What this task involves -> Every line of the data should be written out exactly, with the pictures left out.
*** Data shown Section Begins ***
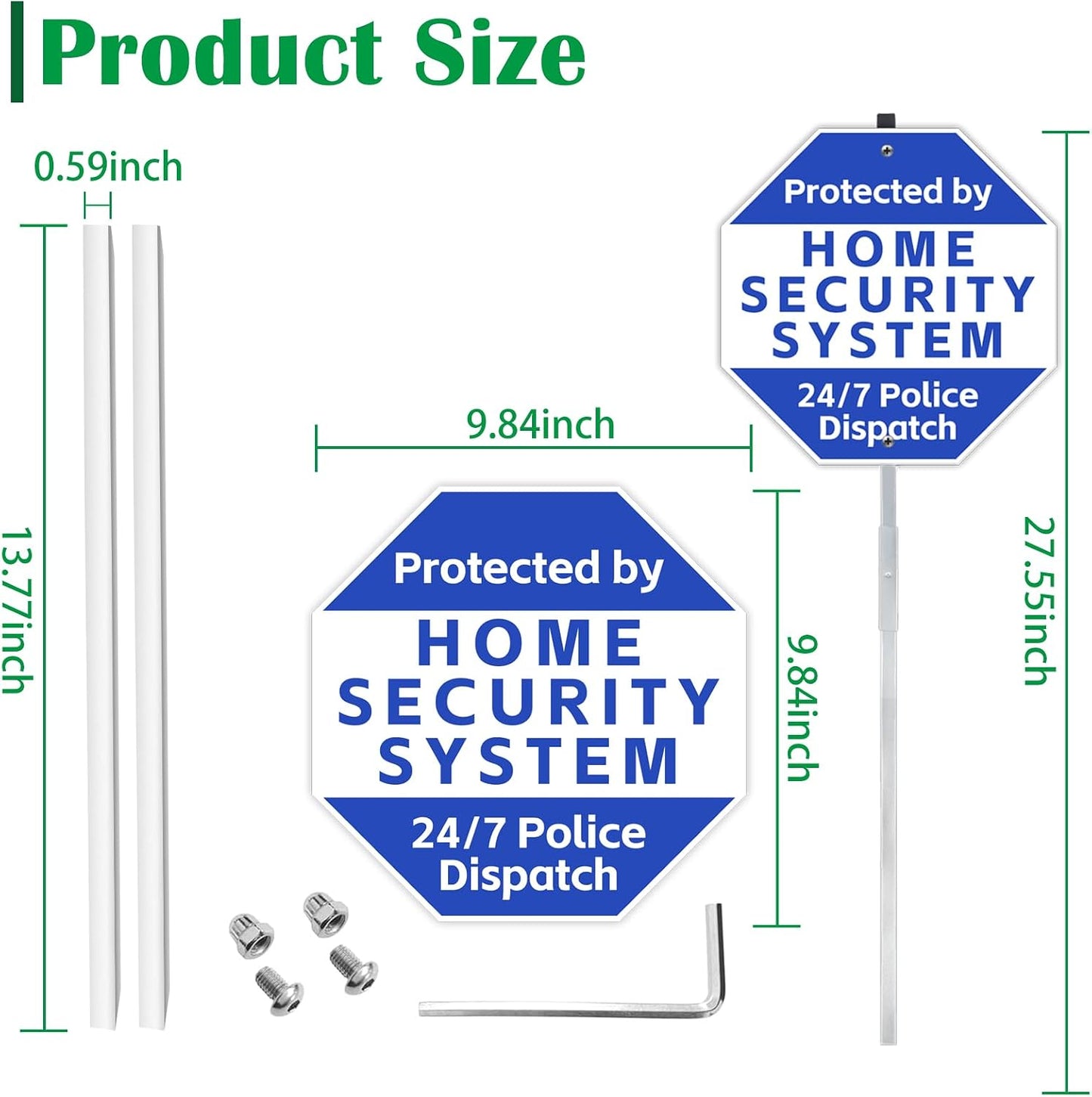 Letrero seguridad hogar aluminio reflectante 10x28"
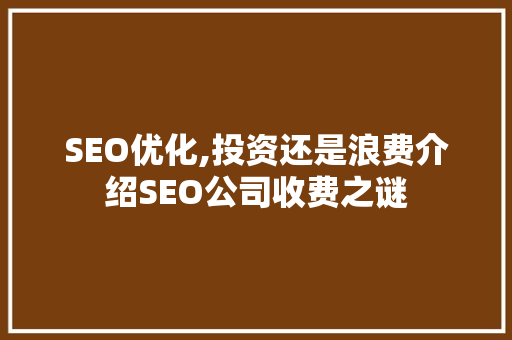 SEO优化,投资还是浪费介绍SEO公司收费之谜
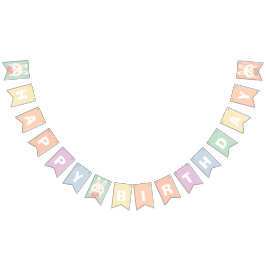 Schattige Sommige Konijntje en Bloemen Regenboog G Vlaggetjes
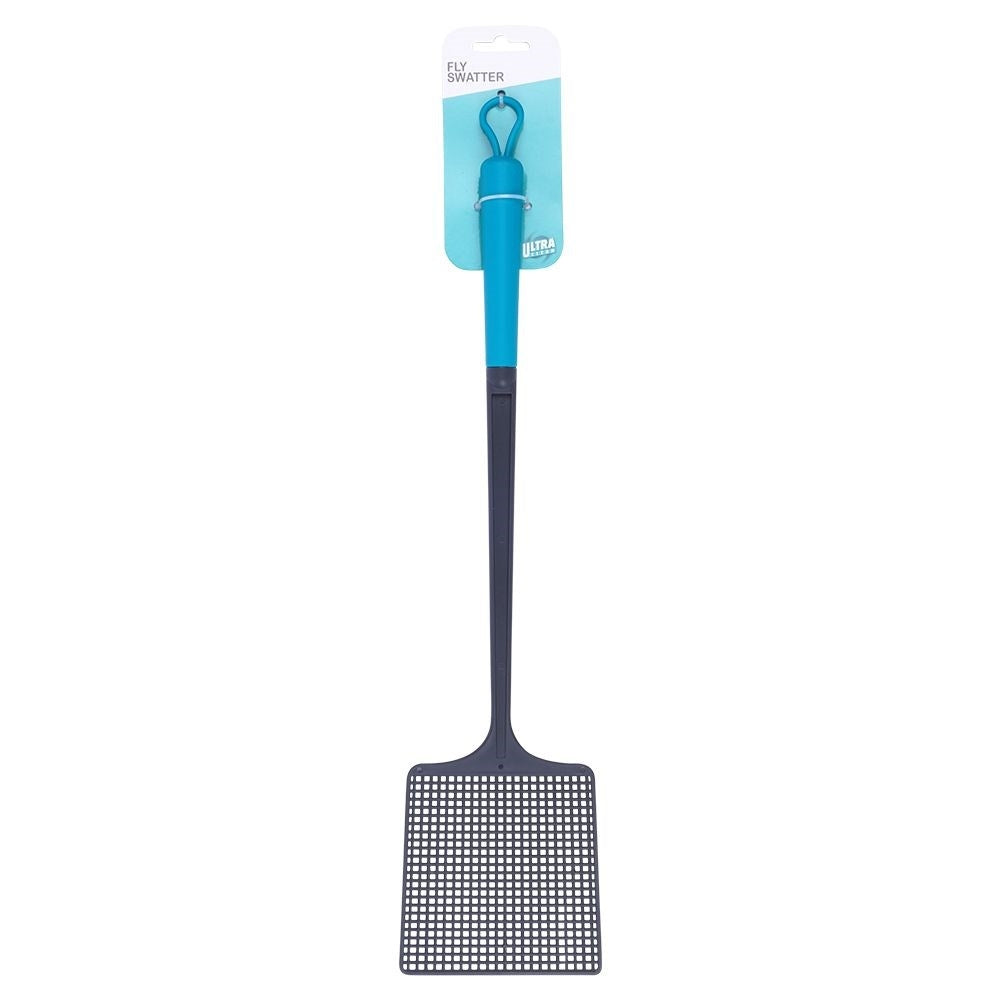 Effective fly swatter with non-slip grip and suspension.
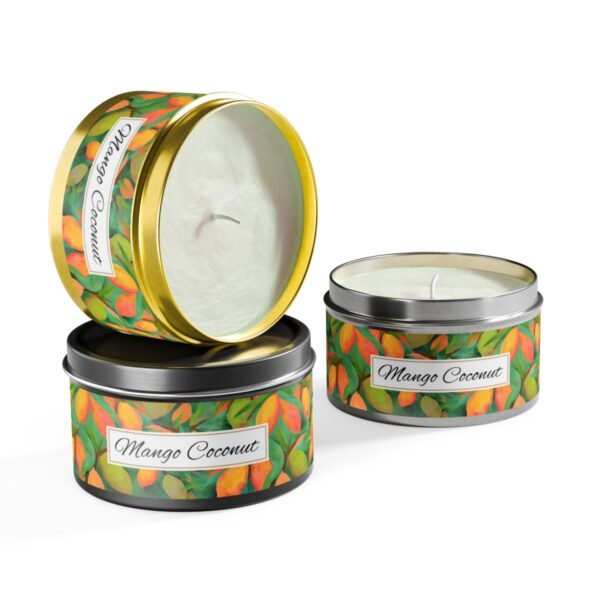 mango coconut all colors tin candle jar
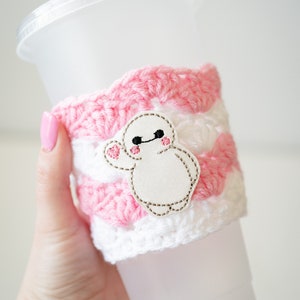 White Medical Robot with Heart Valentine&#39;s Day Coffee Cozy - Sparkly Robot Iced or Hot Drink Holder - Ready to Ship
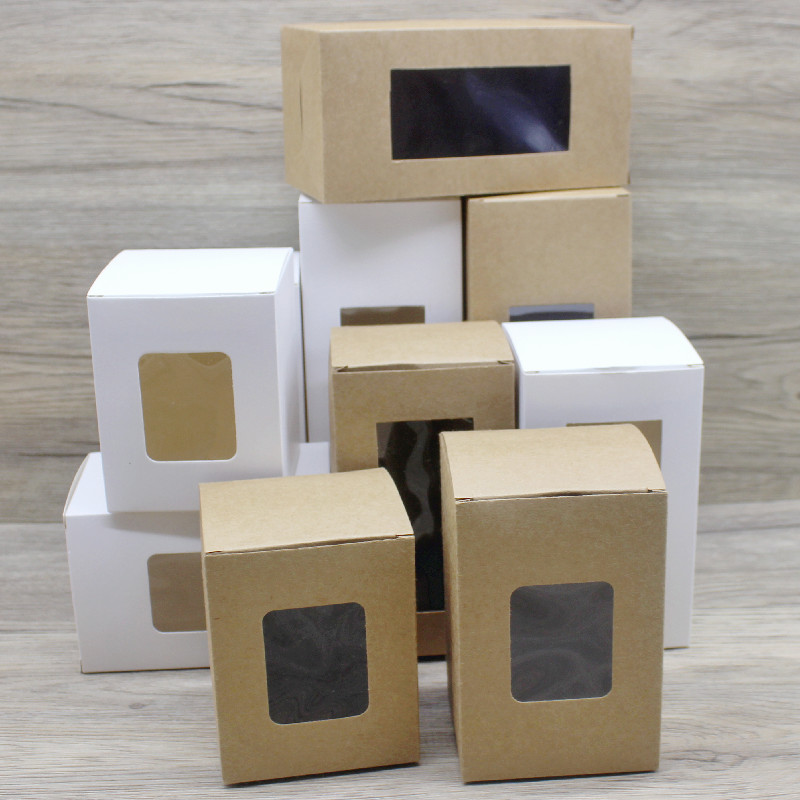 Neue Rechteck Fensterbox 6x6/7x7/8x8/9x9x Hochpapierpaket Box Weiß/Kraft Geschenke Süßigkeiten Hochzeit/Neujahr Gefälligkeiten Box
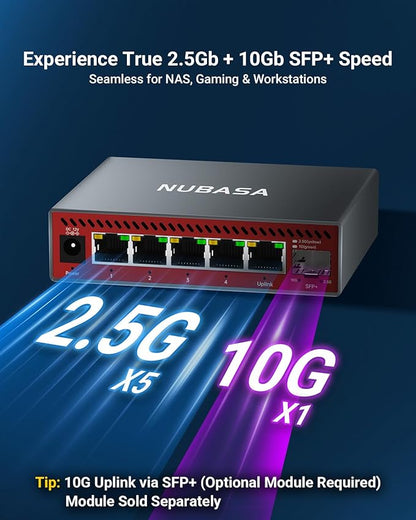 NUBASA 5-Port 2.5Gb Switch with 10Gb SFP+ Port, Unmanaged Multigig Ethernet Splitter for NAS, Gaming, PC - Plug & Play, Silent Aluminum Housing, 2.5 Gigabit Network Switch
*** Data shown Section Ends ***
Task solution ->
 Letrero seguridad hogar aluminio reflectante 10x28"
 SEO优化,投资还是浪费介绍SEO公司收费之谜
 Schattige Sommige Konijntje en Bloemen Regenboog G Vlaggetjes
 Effective fly swatter with non-slip grip and suspension.
 mango coconut all colors tin candle jar
 White Medical Robot with Heart Valentine&#39;s Day Coffee Cozy - Sparkly Robot Iced or Hot Drink Holder - Ready to Ship
 Neue Rechteck Fensterbox 6x6/7x7/8x8/9x9x Hochpapierpaket Box Weiß/Kraft Geschenke Süßigkeiten Hochzeit/Neujahr Gefälligkeiten Box
 NUBASA 5-Port 2.5Gb Switch with 10Gb SFP+ Port, Unmanaged Multigig Ethernet Splitter for NAS, Gaming, PC - Plug & Play, Silent Aluminum Housing, 2.5 Gigabit Network Switch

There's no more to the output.